Wolfgang Scheibenpflug, Flughafen Wien, steht momentan vor einer besonderen Herausforderung: Die Entwicklung der Airport City. „Wir sind eine Stadt. Das bedeutet ganz andere Voraussetzungen als bei üblichen Immobilien.“ Nachhaltigkeit spielt eine große Rolle: „Wir haben 2014 als erster Flughafen in Österreich die ÖGNI-Zertifizierung in Gold bekommen.“ Außerdem kooperiere man mit der TU Wien, um zum energieeffizientesten Flughafen der Welt zu werden.
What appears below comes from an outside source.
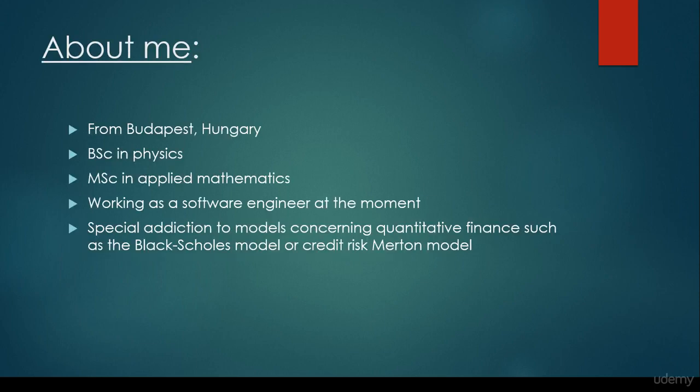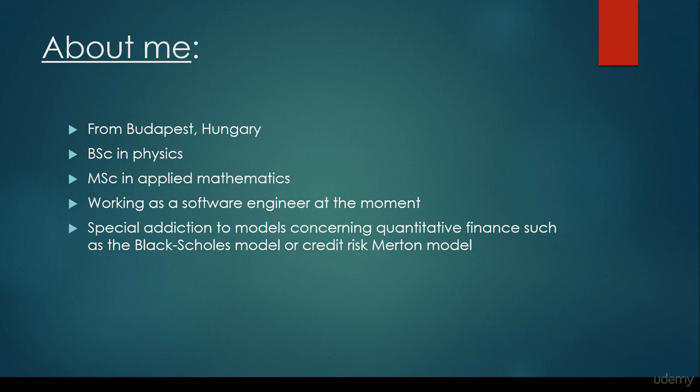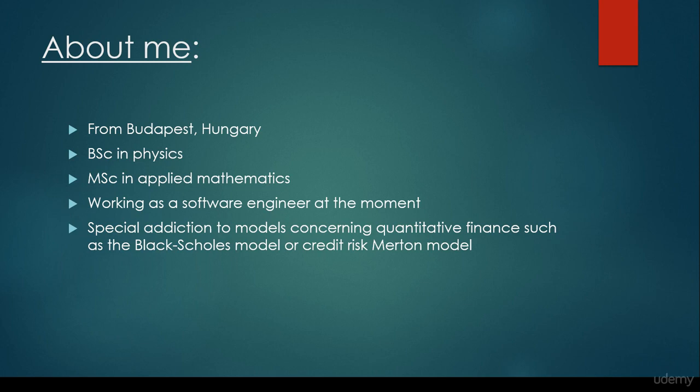First of all, let me tell a few words about myself. I'm from Budapest, Hungary, I'm qualified as a physicist, later on I decided to get a master's degree in Applied Mathematics, currently I'm working as a software engineer at a multinational company, and I have special addiction to models concerning quantitative finance, Black-Scholes model, Merton model, and so on.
Ansonsten sei es vor allem langjährige Erfahrung und Learning by Doing, was den Flughafen in der Nachhaltigkeit weiterbringe.

Auch Ernst Machart, IWS TownTown AG, kann für den Orbi Tower bald ein Platin-Zertifikat der ÖGNI vorweisen. „Besonders aufgepasst haben wir immer bei der Heizung und Kühlung. Außerdem sehen wir die öffentliche Anbindung als Nachhaltigkeitsfaktor.“

Für Josef Leitner, Sika, sind die Personen die wahren Juwelen der Nachhaltigkeit. „Jeder Projektentwickler, jeder Bauträger und jeder Nutzer muss eine positive Einstellung gegenüber der Nachhaltigkeit haben und diese umsetzen.“ Der Aussage schloss sich Ernst Machart an: „Die Grundeinstellung muss schon im Recruiting der Unternehmen spürbar sein.“ Sika stelle dafür bereits zu 80 Prozent recyclebare Dachfolien her und sei auch bei den anderen Materialen stets auf der Suche nach besseren Baustoffen. „Wir wollen keine bösen Überraschungen. Das ist Nachhaltigkeit.“

Thomas Zäuner, ÖRAG, sieht die Gefahr darin, dass Nachhaltigkeit überall anders verstanden wird. Und: „Alte Gebäude sind eigentlich viel nachhaltiger als neue. Damals hat man für die Ewigkeit gebaut.“ Durch natürliche Rohstoffe sei ein hundertprozentiges Recycling möglich gewesen. Christian Call gibt zu bedenken: „Wenn ich mein altes Auto verschrotten lasse, produziert das mehr Schadstoffe und CO2 als wenn ich es einfach weiterfahre.“

Gernot Ressler, LeitnerLeitner, fordert vom Gesetzgeber steuerliche Akzente für nachhaltiges Bauen. Außerdem müsse Steuern sparen immer mit einer gewissen Ethik erfolgen.